Tetlock will be known to you for the meme that most predictions are no better than chance in their accuracy. As he points out, while that might be true in the aggregate, it’s not true for ever forecaster, and this book (which follows up the Expert Political Judgment that set out the (rigorous) basis for the meme) explores those people who have demonstrated a consistent and measurable ability to outperform both the metaphorical ‘crowd’, but also other mechanisms, such as forecasting markets.
Tetlock’s core point is that such ability is not innate, but learnt and learnable. And that’s what interests me here.
Over the past couple of weeks, I’ve been teaching students about negotiation theory, before I drop them off into the metaphorical deep end of actual negotiation. One of the core skills I’ve been trying to stress to them is the need for preparation, which forms the bedrock of good practice.

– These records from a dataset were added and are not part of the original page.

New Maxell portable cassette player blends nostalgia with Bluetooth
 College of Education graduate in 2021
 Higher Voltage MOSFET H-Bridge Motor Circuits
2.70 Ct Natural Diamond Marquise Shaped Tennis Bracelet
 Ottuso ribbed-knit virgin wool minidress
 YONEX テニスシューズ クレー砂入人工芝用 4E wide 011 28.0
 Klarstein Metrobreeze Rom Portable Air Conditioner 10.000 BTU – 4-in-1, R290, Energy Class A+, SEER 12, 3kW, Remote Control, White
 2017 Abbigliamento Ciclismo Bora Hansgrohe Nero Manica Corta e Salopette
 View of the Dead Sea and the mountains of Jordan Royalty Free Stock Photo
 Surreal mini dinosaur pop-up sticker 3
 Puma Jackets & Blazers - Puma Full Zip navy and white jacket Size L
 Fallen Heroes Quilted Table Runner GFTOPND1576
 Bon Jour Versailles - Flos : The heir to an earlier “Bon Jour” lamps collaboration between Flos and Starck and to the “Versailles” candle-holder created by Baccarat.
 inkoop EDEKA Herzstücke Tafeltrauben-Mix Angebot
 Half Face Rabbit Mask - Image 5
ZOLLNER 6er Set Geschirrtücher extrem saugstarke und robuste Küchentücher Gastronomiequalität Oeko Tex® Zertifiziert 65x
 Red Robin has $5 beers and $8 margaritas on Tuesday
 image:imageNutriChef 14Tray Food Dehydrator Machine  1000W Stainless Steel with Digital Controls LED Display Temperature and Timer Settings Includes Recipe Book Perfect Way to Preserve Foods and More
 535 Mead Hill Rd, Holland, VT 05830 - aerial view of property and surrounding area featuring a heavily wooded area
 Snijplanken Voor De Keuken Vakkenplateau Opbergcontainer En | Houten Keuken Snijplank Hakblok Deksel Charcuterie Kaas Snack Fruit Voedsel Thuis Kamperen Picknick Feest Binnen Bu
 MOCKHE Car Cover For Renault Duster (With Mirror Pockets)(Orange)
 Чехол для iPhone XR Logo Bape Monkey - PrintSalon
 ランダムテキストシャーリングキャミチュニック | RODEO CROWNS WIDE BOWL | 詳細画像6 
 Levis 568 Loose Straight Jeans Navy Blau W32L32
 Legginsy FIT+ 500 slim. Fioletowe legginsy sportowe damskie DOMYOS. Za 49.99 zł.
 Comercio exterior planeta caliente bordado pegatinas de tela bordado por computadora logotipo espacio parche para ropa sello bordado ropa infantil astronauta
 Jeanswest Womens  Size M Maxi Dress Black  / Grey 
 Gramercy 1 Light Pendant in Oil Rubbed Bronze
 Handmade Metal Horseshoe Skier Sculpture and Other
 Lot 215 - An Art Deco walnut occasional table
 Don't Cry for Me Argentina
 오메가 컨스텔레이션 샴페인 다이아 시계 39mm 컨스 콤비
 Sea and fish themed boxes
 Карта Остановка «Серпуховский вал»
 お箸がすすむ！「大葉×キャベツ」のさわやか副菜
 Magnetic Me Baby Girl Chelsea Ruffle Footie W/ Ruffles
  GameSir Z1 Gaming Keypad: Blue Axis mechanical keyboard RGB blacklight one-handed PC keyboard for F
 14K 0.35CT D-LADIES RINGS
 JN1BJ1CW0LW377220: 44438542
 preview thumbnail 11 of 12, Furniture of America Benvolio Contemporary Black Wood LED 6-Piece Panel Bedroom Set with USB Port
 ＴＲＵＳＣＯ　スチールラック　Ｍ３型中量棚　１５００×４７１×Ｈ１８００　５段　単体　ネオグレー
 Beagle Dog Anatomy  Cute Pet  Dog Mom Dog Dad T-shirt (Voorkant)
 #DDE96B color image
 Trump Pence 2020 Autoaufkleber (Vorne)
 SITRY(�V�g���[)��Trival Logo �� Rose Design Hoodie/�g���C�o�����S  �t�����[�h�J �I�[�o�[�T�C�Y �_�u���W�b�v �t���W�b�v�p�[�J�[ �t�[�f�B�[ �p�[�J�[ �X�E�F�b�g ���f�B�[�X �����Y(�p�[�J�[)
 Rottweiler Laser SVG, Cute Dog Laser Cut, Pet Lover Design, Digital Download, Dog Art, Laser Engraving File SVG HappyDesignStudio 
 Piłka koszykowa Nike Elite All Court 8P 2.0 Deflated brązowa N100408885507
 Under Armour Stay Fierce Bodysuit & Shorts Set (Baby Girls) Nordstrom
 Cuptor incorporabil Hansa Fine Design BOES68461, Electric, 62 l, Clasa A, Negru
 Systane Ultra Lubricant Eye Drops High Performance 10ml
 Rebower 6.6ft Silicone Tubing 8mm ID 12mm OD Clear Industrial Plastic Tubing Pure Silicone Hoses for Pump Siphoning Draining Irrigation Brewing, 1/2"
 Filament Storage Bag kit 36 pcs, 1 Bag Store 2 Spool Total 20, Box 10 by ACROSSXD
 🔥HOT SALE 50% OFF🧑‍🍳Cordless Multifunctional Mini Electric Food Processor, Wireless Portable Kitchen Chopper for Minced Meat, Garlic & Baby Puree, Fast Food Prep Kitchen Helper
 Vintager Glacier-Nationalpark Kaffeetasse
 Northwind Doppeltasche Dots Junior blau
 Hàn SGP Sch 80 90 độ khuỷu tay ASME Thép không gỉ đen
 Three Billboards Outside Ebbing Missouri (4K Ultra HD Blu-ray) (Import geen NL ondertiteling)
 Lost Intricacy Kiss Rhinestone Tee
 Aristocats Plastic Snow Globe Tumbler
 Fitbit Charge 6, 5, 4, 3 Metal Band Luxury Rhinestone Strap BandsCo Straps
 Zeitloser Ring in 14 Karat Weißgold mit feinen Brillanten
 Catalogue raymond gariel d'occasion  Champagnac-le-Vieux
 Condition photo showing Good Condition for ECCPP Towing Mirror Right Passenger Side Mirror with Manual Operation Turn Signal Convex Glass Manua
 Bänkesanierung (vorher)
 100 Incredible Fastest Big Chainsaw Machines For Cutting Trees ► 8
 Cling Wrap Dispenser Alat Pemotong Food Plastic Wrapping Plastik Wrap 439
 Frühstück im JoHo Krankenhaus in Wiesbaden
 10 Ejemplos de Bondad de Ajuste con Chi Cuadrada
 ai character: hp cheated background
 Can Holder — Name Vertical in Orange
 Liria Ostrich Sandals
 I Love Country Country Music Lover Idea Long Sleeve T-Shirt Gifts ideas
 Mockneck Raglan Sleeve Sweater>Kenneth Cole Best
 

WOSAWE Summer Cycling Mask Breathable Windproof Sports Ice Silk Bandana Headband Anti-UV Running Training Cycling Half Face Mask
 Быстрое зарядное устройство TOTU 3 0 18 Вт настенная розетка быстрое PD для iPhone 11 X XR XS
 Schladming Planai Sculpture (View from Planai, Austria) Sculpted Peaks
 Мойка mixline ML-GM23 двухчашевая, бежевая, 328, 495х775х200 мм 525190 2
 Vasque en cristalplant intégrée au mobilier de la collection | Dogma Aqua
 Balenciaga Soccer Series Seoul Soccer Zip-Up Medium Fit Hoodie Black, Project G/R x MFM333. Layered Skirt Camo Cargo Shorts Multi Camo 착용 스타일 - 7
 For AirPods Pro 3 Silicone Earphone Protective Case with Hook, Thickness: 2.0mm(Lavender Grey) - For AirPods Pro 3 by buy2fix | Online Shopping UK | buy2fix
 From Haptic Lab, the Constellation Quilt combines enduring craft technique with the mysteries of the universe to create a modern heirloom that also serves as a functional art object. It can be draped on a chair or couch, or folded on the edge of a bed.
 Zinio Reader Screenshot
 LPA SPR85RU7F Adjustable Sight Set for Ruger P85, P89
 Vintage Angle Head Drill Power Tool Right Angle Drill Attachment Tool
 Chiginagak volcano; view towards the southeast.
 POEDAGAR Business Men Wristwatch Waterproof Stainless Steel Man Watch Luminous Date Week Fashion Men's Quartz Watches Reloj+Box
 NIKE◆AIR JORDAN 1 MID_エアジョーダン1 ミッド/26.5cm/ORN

However, while it’s easy to say “be prepared”, it’s often hard to know how to prepare, especially if the situation is a complex one. And I can see utility in Tetlock’s approach as a way of improving the chances of having as good an oversight of the preparatory phase as possible.
In practical terms, that means doing things like breaking down intractable problems into tractable sub-problems, looking at the situation from as many different perspectives as possible and engaging in constant checking of your practice and biases.All the kinds of things we might be encouraging students to do as active learners, in fact.
And perhaps that’s the point. Learning is a memetic process, where we draw analogies across from one place to another, hopefully casting light on the way. Tetlock’s not interested in this book about effective actors, although he does mention several examples of how his core ideas get operationalised, but about our ability to forecast events. I’m less interested in that, but can see how I could use it to improve students’ performance elsewhere.
Tetlock talks about the rise of the ‘mission command‘ model in the military, the notion that what matters is the underlying intent, which local commanders can then find the most appropriate way to achieve it. This replacement of the strict hierarchy of command-and-control with something much more flexible and adaptable is not so different from the shift towards active learning. We set out learning objectives and students find their own path towards them.
I wouldn’t want to stretch this too far, but it makes the point that we should be casting our nets as widely as possible when developing our practice, because the analogies can take us to places that might never have considered before.